# Prompt
Print, exactly as they appear in the listing below, the lines from the line with "2007 Toyota SIENNA photo" to the line with "Pier House Bed", with both end lines kept.

# Provided data
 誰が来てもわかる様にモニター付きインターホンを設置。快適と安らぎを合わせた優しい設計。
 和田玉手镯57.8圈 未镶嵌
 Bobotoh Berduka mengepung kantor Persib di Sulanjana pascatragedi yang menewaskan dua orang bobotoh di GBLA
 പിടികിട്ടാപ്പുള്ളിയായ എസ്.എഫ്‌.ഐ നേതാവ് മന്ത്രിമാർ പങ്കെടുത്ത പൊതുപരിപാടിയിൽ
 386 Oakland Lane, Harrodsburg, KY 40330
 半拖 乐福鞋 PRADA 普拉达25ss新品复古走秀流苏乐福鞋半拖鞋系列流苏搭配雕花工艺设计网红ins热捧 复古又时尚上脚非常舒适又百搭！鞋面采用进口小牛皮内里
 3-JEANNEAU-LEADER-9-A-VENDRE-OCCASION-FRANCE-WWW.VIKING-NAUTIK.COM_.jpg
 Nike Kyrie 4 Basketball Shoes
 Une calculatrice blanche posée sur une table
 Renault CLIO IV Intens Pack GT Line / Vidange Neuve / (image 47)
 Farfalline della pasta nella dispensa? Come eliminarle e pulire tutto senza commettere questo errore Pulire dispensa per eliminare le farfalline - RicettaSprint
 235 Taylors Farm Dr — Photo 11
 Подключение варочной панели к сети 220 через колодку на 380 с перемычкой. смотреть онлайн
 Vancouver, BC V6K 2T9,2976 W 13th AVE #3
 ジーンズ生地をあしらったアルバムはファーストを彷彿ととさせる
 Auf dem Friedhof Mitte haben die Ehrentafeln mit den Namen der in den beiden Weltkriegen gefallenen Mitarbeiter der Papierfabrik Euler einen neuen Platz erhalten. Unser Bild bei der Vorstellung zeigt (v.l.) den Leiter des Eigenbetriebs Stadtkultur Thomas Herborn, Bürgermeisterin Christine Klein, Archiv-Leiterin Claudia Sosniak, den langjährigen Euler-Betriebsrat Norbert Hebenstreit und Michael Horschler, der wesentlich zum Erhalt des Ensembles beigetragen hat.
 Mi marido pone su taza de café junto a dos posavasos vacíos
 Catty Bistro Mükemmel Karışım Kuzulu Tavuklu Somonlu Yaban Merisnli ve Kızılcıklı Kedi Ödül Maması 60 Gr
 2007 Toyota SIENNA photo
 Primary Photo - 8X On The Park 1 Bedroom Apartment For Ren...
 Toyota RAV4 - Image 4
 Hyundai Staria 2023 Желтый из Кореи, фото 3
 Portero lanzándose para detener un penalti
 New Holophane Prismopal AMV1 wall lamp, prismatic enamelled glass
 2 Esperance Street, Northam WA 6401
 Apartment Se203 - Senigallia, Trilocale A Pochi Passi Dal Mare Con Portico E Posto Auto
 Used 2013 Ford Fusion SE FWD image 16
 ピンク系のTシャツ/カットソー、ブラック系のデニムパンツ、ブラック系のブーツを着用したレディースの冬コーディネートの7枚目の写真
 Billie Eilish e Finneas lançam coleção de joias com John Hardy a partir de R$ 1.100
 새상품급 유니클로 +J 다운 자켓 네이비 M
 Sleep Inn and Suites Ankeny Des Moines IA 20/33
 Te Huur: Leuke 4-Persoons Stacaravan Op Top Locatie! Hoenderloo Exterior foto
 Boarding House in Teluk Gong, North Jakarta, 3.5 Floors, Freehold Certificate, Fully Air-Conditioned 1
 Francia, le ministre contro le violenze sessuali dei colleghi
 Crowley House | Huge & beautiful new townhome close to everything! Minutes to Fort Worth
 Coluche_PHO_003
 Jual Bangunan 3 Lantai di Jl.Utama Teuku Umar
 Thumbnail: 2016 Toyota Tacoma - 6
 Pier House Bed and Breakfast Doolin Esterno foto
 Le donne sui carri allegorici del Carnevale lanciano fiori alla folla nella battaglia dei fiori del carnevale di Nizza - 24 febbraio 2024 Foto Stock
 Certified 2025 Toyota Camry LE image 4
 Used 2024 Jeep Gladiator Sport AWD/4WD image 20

# Reply to the task
 2007 Toyota SIENNA photo
 Primary Photo - 8X On The Park 1 Bedroom Apartment For Ren...
 Toyota RAV4 - Image 4
 Hyundai Staria 2023 Желтый из Кореи, фото 3
 Portero lanzándose para detener un penalti
 New Holophane Prismopal AMV1 wall lamp, prismatic enamelled glass
 2 Esperance Street, Northam WA 6401
 Apartment Se203 - Senigallia, Trilocale A Pochi Passi Dal Mare Con Portico E Posto Auto
 Used 2013 Ford Fusion SE FWD image 16
 ピンク系のTシャツ/カットソー、ブラック系のデニムパンツ、ブラック系のブーツを着用したレディースの冬コーディネートの7枚目の写真
 Billie Eilish e Finneas lançam coleção de joias com John Hardy a partir de R$ 1.100
 새상품급 유니클로 +J 다운 자켓 네이비 M
 Sleep Inn and Suites Ankeny Des Moines IA 20/33
 Te Huur: Leuke 4-Persoons Stacaravan Op Top Locatie! Hoenderloo Exterior foto
 Boarding House in Teluk Gong, North Jakarta, 3.5 Floors, Freehold Certificate, Fully Air-Conditioned 1
 Francia, le ministre contro le violenze sessuali dei colleghi
 Crowley House | Huge & beautiful new townhome close to everything! Minutes to Fort Worth
 Coluche_PHO_003
 Jual Bangunan 3 Lantai di Jl.Utama Teuku Umar
 Thumbnail: 2016 Toyota Tacoma - 6
 Pier House Bed and Breakfast Doolin Esterno foto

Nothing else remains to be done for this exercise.